Hi Nicolas,
In my opinion we should look at nofib (slow) and make sure that
1) it's at least neutral on average (runtimes and preferably allocations
too),
2) there are some benchmarks that improve significantly (that's why we're
making the change after all), and
3) we can attribute the losses to something other than significantly worse
Core (or at least more programs get better than get worse).
If these 3 hold and the compile times aren't up too much, I think it's a
candidate for being on by default in -02.
In my mind the key is to understand why the programs that got worse got
worse. For example, when I enabled -funbox-small-strict-fields by default
there were some losers, but the reasons these were losers was more
accidental than due to -funbox-small-strict-fields so I was happy to turn
it on by default anyway.
-- Johan
On Fri, Aug 30, 2013 at 12:28 PM, Nicolas Frisby
TO: Performance czars and devs
I pushed a patch yesterday enabling a second demand analysis at the end of the core2core simplification pipeline. The flag is -flate-dmd-anal, and it is off by default.
My question:
What's the protocol for deciding if -O2 should imply it?
See http://ghc.haskell.org/trac/ghc/wiki/LateDmd for context.
In particular, this section includes highlights of some nofib runs I did.
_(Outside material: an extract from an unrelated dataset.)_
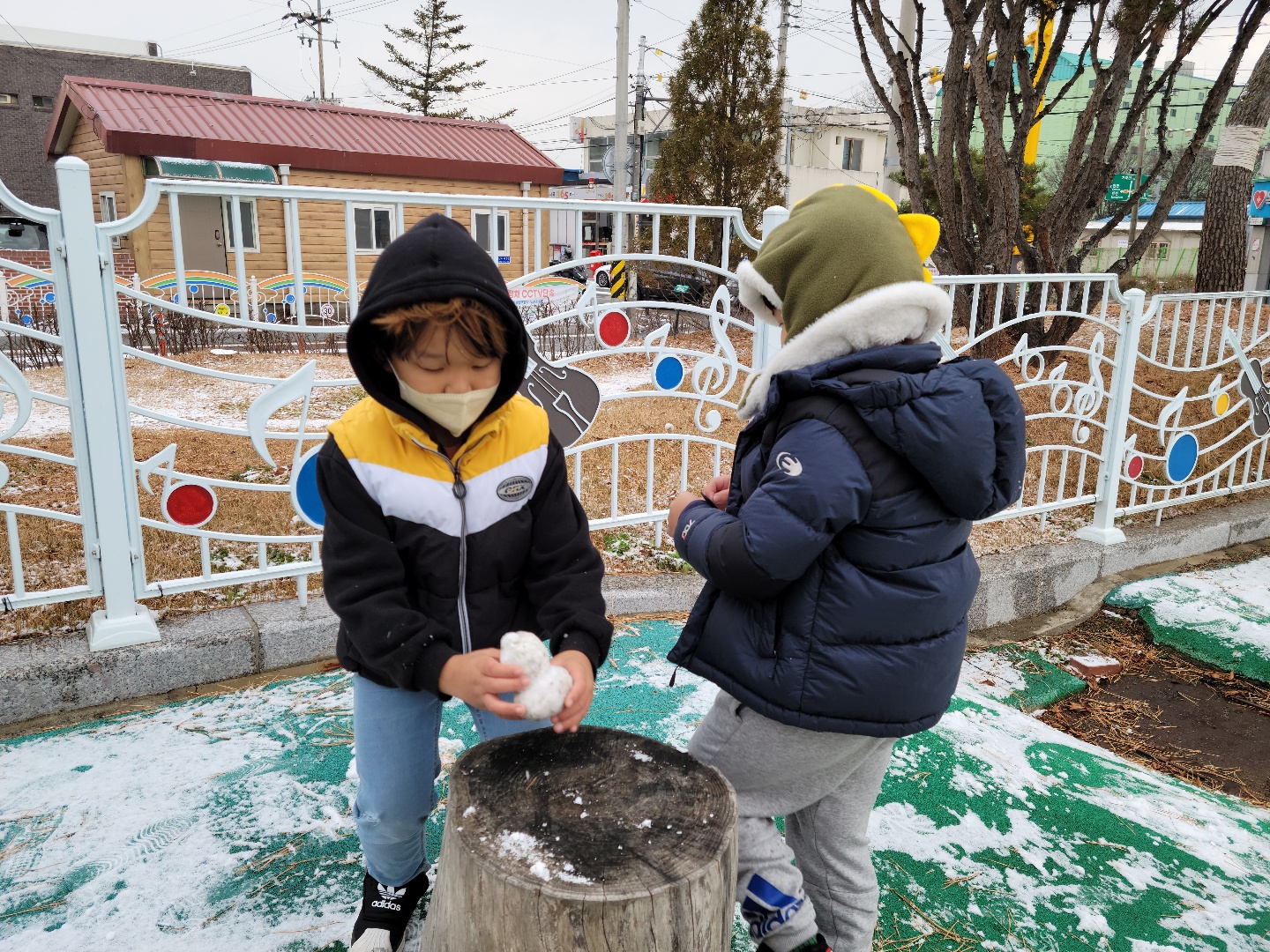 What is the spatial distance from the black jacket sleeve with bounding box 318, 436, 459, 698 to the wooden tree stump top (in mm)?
200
http://ghc.haskell.org/trac/ghc/wiki/LateDmd#Newperformancenumbers
For some tests, it decreases allocation by 10% to 20%. But on the platforms I have tried, it causes a couple repeatable slowdowns, up to 10%. I've investigated a bit, but haven't found any clear explanations. I'm worried that it's caching effects, eg.
Any suggestions on how I should proceed with my investigation?
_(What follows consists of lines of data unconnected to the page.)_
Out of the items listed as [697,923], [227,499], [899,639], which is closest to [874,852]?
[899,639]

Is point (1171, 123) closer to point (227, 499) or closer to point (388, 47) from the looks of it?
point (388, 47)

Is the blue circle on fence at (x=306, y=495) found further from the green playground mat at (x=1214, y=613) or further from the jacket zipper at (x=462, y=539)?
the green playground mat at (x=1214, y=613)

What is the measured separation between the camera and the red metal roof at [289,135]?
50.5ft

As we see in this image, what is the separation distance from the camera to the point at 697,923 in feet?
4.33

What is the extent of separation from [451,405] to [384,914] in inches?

Also: I'd appreciate if any developer would generously run some benchmarks on various platforms they might have and add them to the same section in the wiki page.
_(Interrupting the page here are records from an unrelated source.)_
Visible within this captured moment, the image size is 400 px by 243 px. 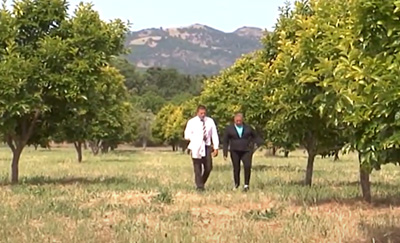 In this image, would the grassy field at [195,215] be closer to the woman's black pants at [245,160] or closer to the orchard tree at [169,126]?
the woman's black pants at [245,160]

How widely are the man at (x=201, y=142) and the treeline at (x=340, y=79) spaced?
1589 mm

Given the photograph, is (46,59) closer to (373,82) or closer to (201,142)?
(201,142)

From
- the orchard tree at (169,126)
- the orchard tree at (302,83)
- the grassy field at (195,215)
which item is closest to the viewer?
the grassy field at (195,215)

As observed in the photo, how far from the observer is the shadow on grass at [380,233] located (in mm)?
9344

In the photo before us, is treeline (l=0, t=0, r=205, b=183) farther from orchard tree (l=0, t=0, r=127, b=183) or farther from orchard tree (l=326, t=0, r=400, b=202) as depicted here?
orchard tree (l=326, t=0, r=400, b=202)

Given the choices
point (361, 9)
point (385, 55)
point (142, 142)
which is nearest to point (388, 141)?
point (385, 55)

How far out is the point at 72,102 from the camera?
18.0m

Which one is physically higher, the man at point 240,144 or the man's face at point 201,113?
the man's face at point 201,113

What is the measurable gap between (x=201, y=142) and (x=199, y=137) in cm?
13

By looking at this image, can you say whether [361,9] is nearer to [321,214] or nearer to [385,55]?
[385,55]

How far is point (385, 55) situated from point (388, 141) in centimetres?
91

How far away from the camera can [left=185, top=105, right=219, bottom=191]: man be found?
52.4 ft

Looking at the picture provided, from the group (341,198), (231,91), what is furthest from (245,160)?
(231,91)

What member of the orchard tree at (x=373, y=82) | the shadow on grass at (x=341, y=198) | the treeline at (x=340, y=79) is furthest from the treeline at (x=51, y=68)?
the orchard tree at (x=373, y=82)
http://ghc.haskell.org/trac/ghc/wiki/LateDmd#Newperformancenumbers
NB That it is unfortunately key to build the libraries twice: once with -flate-dmd-anal in GhcLibHcOpts and once without. I have not determined how to do this robustly without a distclean — please let me know if you have a better method.
So I've used
# one of the following #GhcLibHcOpts = -O2 # both with and without -flate-dmd-anal GhcLibHcOpts = -O2 -flate-dmd-anal SplitObjs = NO DYNAMIC_BY_DEFAULT = NO DYNAMIC_GHC_PROGRAMS = NO
The last three aren't necessary, but please record what you use, if you are so generous as to run it :).
Thanks.